:: ASSIGNMENT ::
Output the full listing below exactly as it reads, and skip anything that is a picture.

:: DATA SHOWN ::
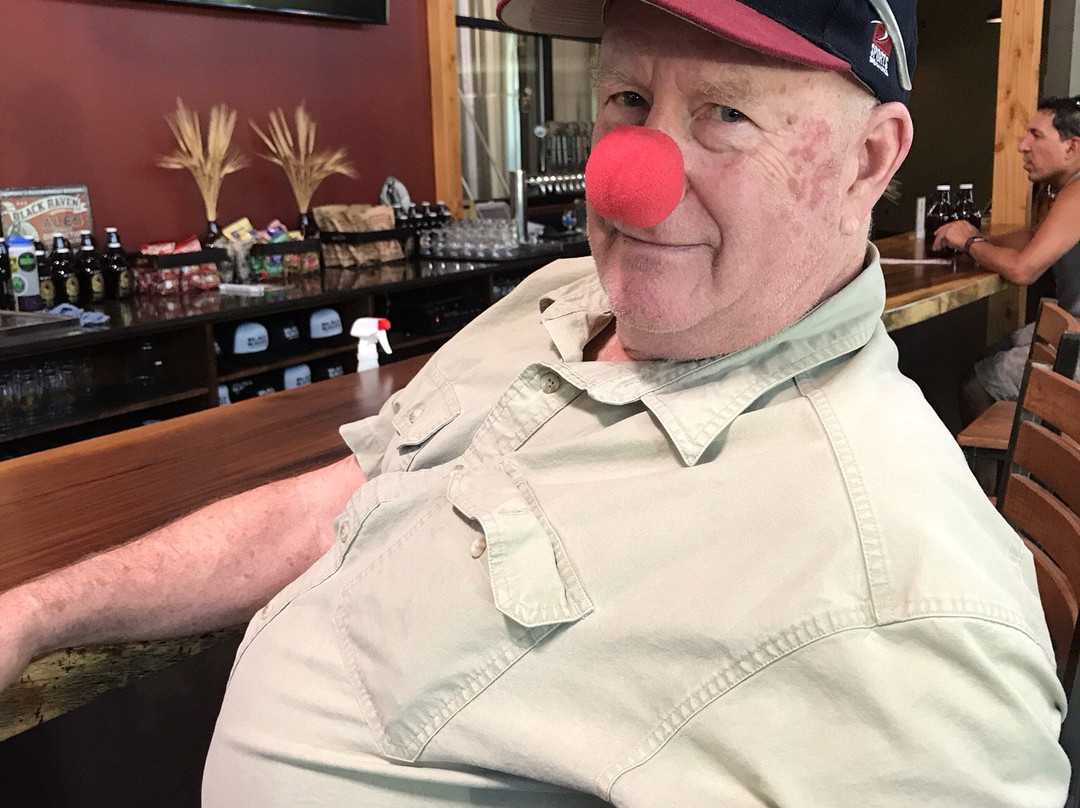 Black Raven Brewing Company-雷德蒙德必去景点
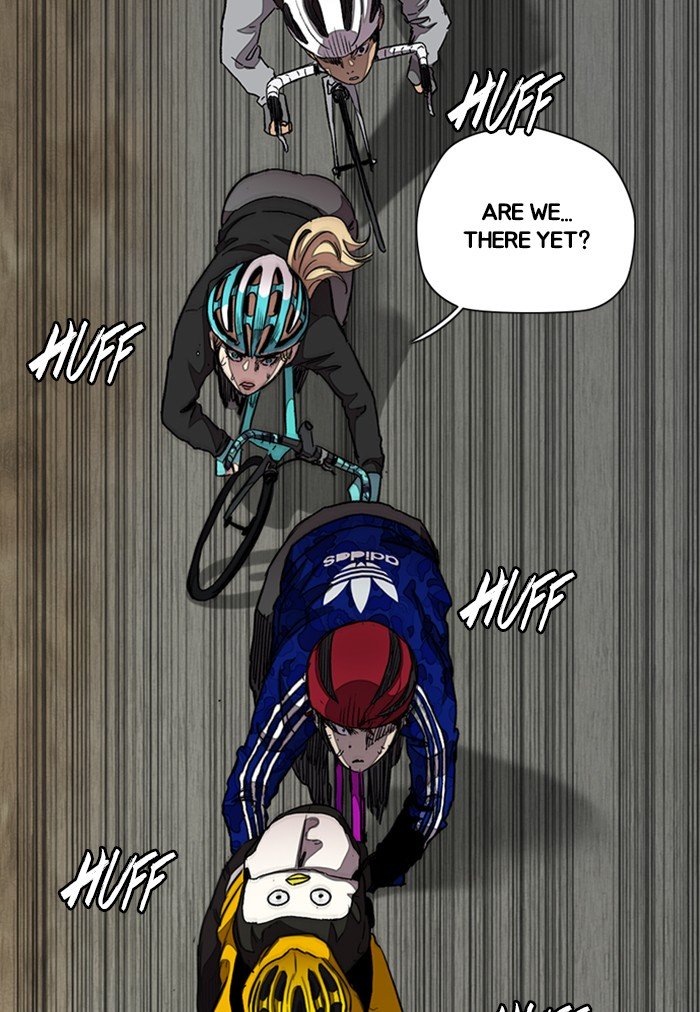 Wind Breaker chapter 291 page 33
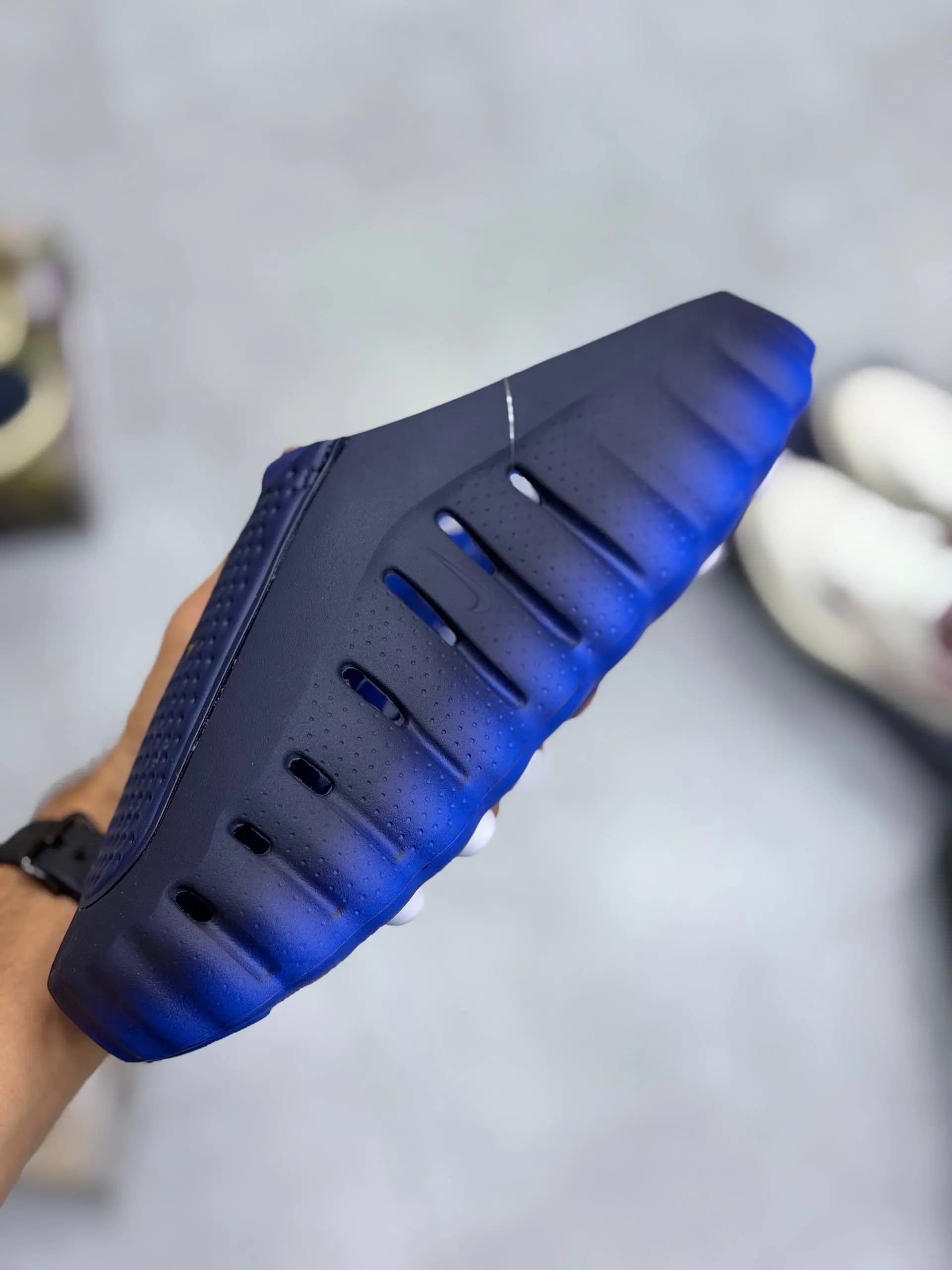 صندل نایک اسلیپر مایند سرمه ایی Nike Mind 001 — تصویر ۴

:: RESULT OF THIS EXERCISE ::
 Black Raven Brewing Company-雷德蒙德必去景点
 Wind Breaker chapter 291 page 33
 صندل نایک اسلیپر مایند سرمه ایی Nike Mind 001 — تصویر ۴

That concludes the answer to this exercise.